Navi Reset
What this does is use powerplay tables to turn the card off and back on again. (Insert IT crowd meme here, haha).
@gnif has done it again. Good work!!
Ok, here is the navi reset.

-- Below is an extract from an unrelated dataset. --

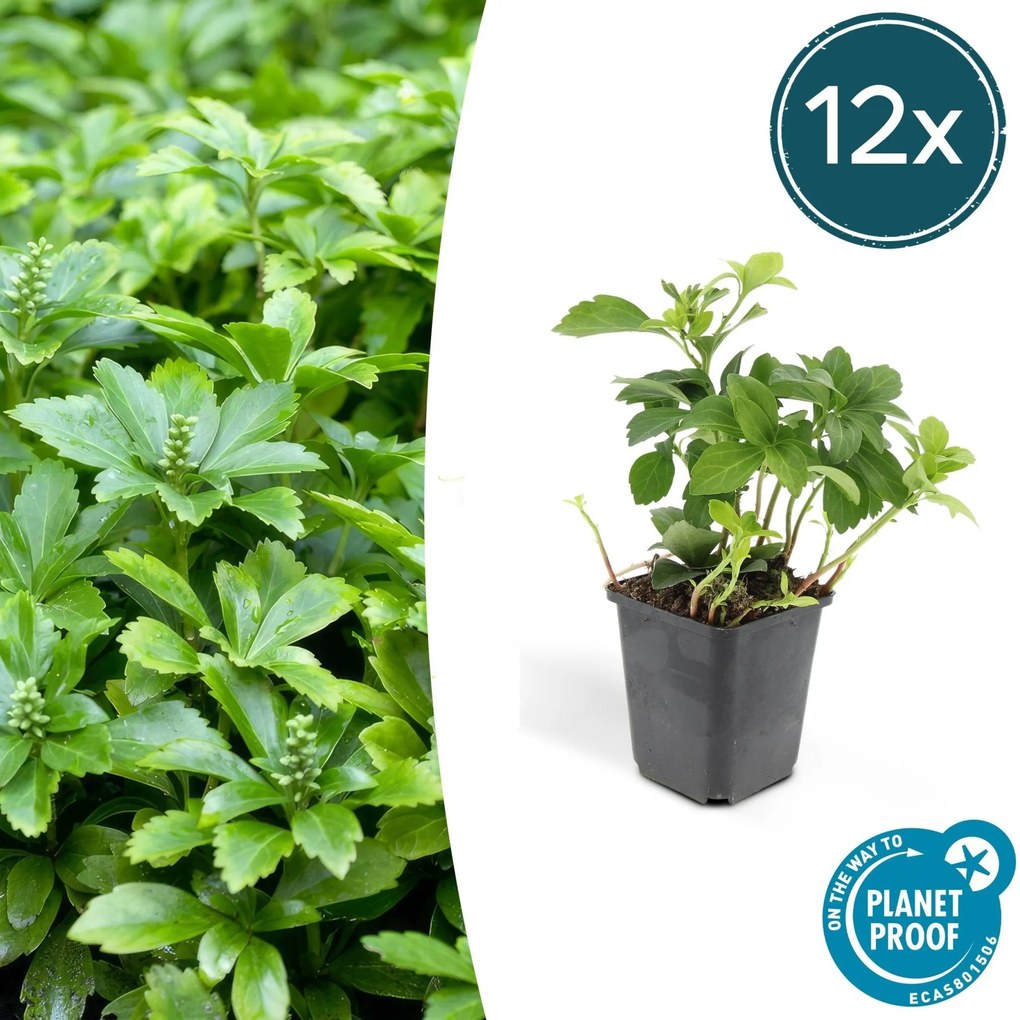 Pachysandra Terminalis 'Green Carpet' - 20cm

Navi is easier to implement as the SMU has most of the logic in it.
Update 27-11-2019: Updated patch down below: Navi Reset Kernel Patch
From 69ea42207b544b6e3fa9755022bff09d2ce953d9 Mon Sep 17 00:00:00 2001
From: Geoffrey McRae <[email protected]>
Date: Thu, 12 Sep 2019 03:19:28 +1000
Subject: [PATCH] pci quirk: AMD Navi 10 series vendor specific reset
Signed-off-by: Geoffrey McRae <[email protected]>
---
drivers/pci/quirks.c | 98 ++++++++++++++++++++++++++++++++++++++++++++
1 file changed, 98 insertions(+)
diff --git a/drivers/pci/quirks.c b/drivers/pci/quirks.c
index 44c4ae1abd00..d94ddb1c6832 100644
--- a/drivers/pci/quirks.c
+++ b/drivers/pci/quirks.c
@@ -3825,6 +3825,97 @@ static int delay_250ms_after_flr(struct pci_dev *dev, int probe)
return 0;
}
+/*
+ * AMD Navi 10 series GPUs require a vendor specific reset procedure.
+ * According to AMD a PSP mode 2 reset should be enough however at this
+ * time the details of how to perform this are not available to us.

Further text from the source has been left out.